Nadie muere en Tsaciana

Si tienes tus manos y nada más que eso, trabajas. Si tienes tus ojos y nada más que tus ojos, miras, avanzas, atraviesas el miedo y bajas a ese espacio oscuro en el que todos los demonios se juntan porque nunca sabes en qué momento se pueden rebelar. Los demonios de la mina, el punto final opaco y seco de la muerte en la elección siniestra que implica bregar ahí, en la entraña de la tierra, lidiando con la vida y la muerte en un juego macabro de azar. Toca bajar porque si no, quién puede vivir aquí, donde el olvido se enreda a la garganta y uno grita pero sabe que ya apenas se le escucha. ¿Por qué? Porque somos cada vez menos y parece que solo la desgracia tiene la potencia de hacer visible la soledad del abandono. Entonces sí, entonces hay helicópteros, fotógrafos y urgencias y los muertos que se van y que aquí se quedan, como nos quedaremos nosotros siempre. Porque el alma está en el valle, para quien es de ahí, sin duda, y para quienes hemos pasado por sus montañas rotas y su óxido resquebrajado y hemos mirado de frente a los ojos de quienes allí resisten, también. Yo tengo el corazón en el Valle, que es gemelo contrario del mío, del Teleno en mi ventana y el frío que no mata pero fortalece.
Por eso no se mueren cinco, nos morimos todos y, a la vez, resucitamos con cada partida. Por eso se sale a la calle en masa, se abraza, se trae agua, tabaco, lo que sea. Porque en el Valle saben que el dolor no se va a aliviar tan rápido, pero saben también que mientras duela el alma los brazos estarán: los mismos que saben forzar la máquina de la naturaleza hasta que estalla, los mismos son los que saben estrujarte hasta partirte en dos cuando las fuerzas te fallan y elevarte hasta donde haga falta para plantarle cara al miedo y avanzar. El abrazo de los mineros del Valle de Laciana lo llevo en mi corazón como un tesoro inquebrantable. Una certeza absoluta de que es mejor perder el sustento que la dignidad. Ellos me lo enseñaron. Por ellos luché y por ellos también, arriesgué mi pan.
En el Valle no hay solo mineros, hay músicos, mujeres que emprenden, enfermeras que curan, guardianes que salvan. Uno, que tiene una de las voces más lindas que escuché jamás porque sabe cómo hacerla emerger del magma mismo del Valle, me escribió a última hora de ese fatídico lunes. Decía que sólo quería llorar, ahora que nadie le veía después de haber resistido horas poniendo el hombro. En ese momento en el que la madrugaba avanzaba y se paraba a pensar en lo que había pasado, a los amigos que no vería más, entonces confesaba algo que todos sentimos.
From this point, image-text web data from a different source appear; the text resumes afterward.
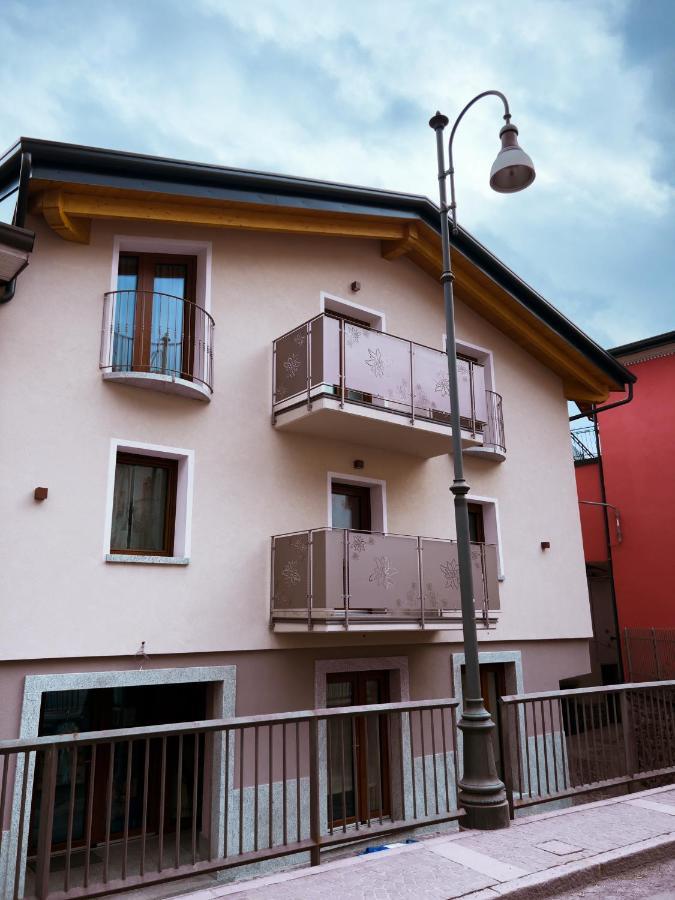 El Rocol Aparthotel Vezza d'Oglio Luaran gambar
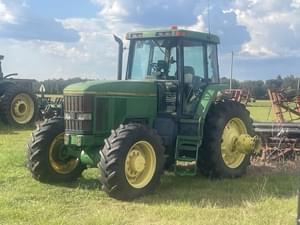1995 John Deere 7800 Image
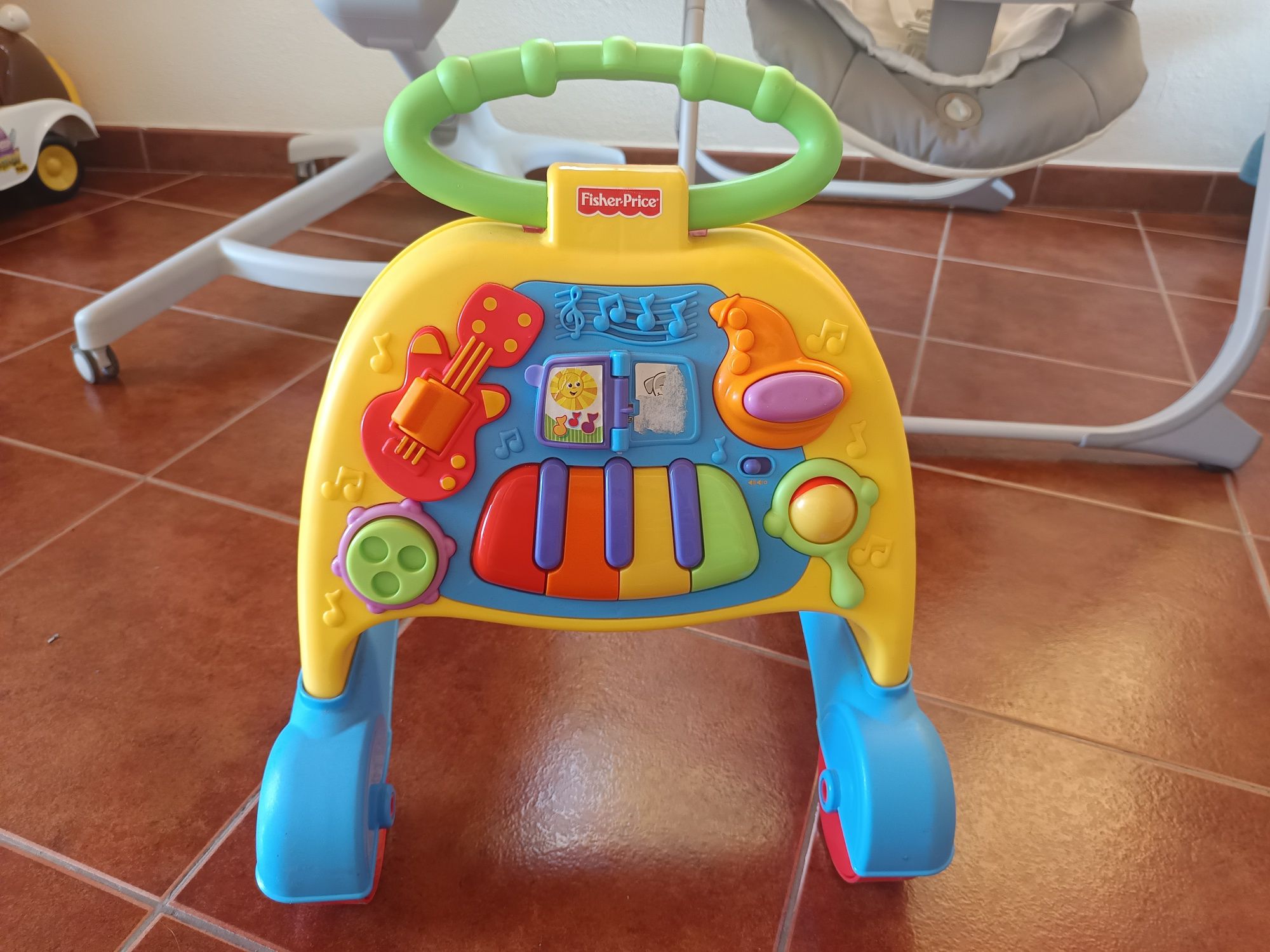 Conjunto berço e espreguiçadeira Chicco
Que nunca pensó que algo así pudiera verlo él: ya de una generación en la que la mina era cosa del pasado, un recuerdo de otro tiempo en el que valle bullía como bullen las pasiones que destrozan. Con toda su energía vibrante y conmovedora pero, a la vez, con toda su capacidad de triturarte el alma en cualquier revés. Eso es y fue siempre la mina. Pero en esas montañas hay mucho más.
No sé en qué otro lugar se conserva un voto de izquierda más claro que en las cuencas mineras. En estos tiempos profilácticos y cosméticos, solo quien sabe que puede perderlo todo en cualquier momento se da cuenta de dónde está el mástil al que conviene asirse. Y está justo en la mirada del compañero, del hermano, de la hija, de la mujer, que cada vez que te despidió supo que podría ser la última vez y, sin embargo, ay, sin embargo, sabía también que si tú te ibas, quedaba el Valle. Y ahí está la fuerza. En el Valle nadie muere, porque la dignidad es infinita y vive en el corazón de todos los que no temen, los que viven atravesando el miedo, los que luchan por su tierra y lo hacen porque no están solos: son una roca que unida vale más.
Una lección, otra vez. Por eso no os vais, porque os guardaremos en las laderas del Valle y sabremos levantar la voz de nuevo siempre que nos toque elegir entre agacharse o poner el pecho a las balas, entre muerte o vida. Y será vida. Por vosotros. Vida y dignidad. Gracias , Tsaciana, otra vez.